O Departamento Intersindical de Assessoria Parlamentar – Diap alerta as entidades sindicais para agir rapidamente em relação ao PL, pois ele já está pronto para ir à votação em plenário, mesmo com todas as polêmicas sobre o seu conteúdo e consequências. E também alerta sobre a possibilidade de desarquivamento de outro projeto, no Senado, que tem conteúdo idêntico, de autoria do ex-senador Eduardo Azeredo.
Leia, a seguir, matéria do Diap sobre o tema:
10-2-2015 - Diap
O PL 4.330/04, que expande a terceirização, foi desarquivado nesta terça-feira (10). De autoria do ex-deputado Sandro Mabel (PMDB-GO), o projeto está pronto para votação no plenário da Câmara dos Deputados.
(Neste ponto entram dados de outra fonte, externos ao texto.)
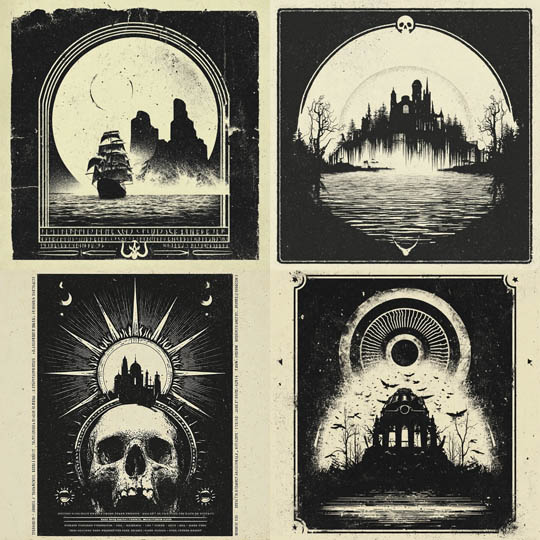 Occult Monochrome Prints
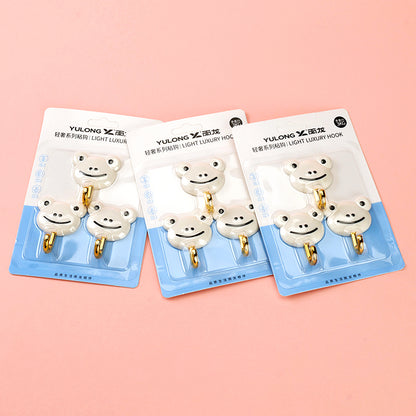 Yulong Model 8077 Adhesive Hooks - 3 Pcs Frog Design M.16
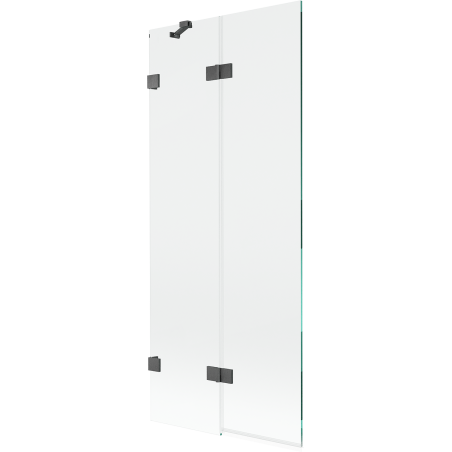 Mexen Lunar vanová zástěna dvoukřídlá levá 80 x 150 cm, průhledná, kartáčovaná zbraňová šedá - 897-080-100-66-00-L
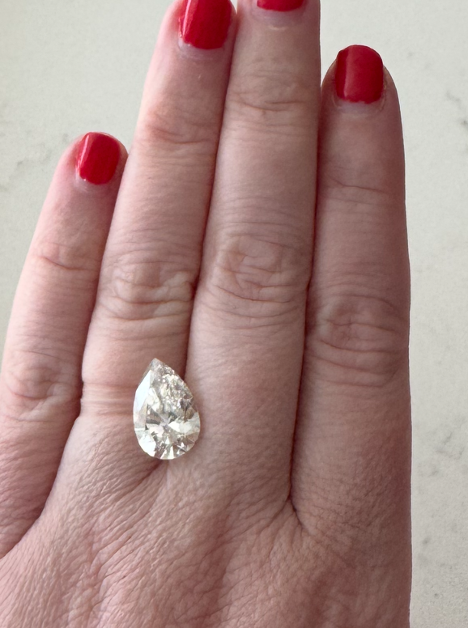 4.62ct Pear Brilliant Lab Loose Diamond, H, VS1 with IGI Certificate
A votação do projeto em plenário depende do presidente da Câmara, Eduardo Cunha (PMDB-RJ), que precisa incluir a matéria na ordem do dia. Essa decisão é tomada no âmbito do Colégio de Líderes.
O requerimento para desarquivamento pedia o retorno à tramitação do PL 1.621/07, do deputado Vicentinho (PT-SP), anexado ao PL 4.330. Dessa forma, todas as proposições que versam sobre terceirização são resgatadas para iniciar a tramitação de onde pararam no encerramento da legislatura no dia 31 de janeiro de 2015.
Nesta fase do debate sobre o tema, o movimento sindical precisa ficar atento, pois há forte tendência de o projeto ir à frente, tendo em vista a composição da Câmara empossada no dia 1º de fevereiro de 2015.
Trata-se de uma composição mais conservadora, com uma bancada empresarial que manteve sua força e poder, com 220 representantes na Câmara. Enquanto a bancada sindical, que na legislatura passada tinha 83 representantes na Casa, agora tem 51.
Com esta correlação de forças tão desigual, o movimento sindical terá de atuar muito mais no Congresso e com mais vigor, a fim de ocupar os espaços de negociação para não ser surpreendido com decisões que lhe afetam, sem ser ouvido.
Senado
É importante lembrar ainda que pode voltar à tramitação no Senado projeto idêntico ao PL 4.330. Trata-se do PLS 87/10. Assim, a atenção deve estar voltada também para o Senado Federal.
O PLS 87 foi arquivado no final da legislatura, mas poderá ser desarquivado mediante requerimento de qualquer senador, com apoio de 27 colegas. De autoria do ex-senador Eduardo Azeredo (PSDB-MG) aguardava parecer para discussão e votação na Comissão de Constituição e Justiça (CCJ). Caso retorne ao debate na CCJ ainda será apreciado pela Comissão de Assuntos Sociais (CAS), em decisão terminativa.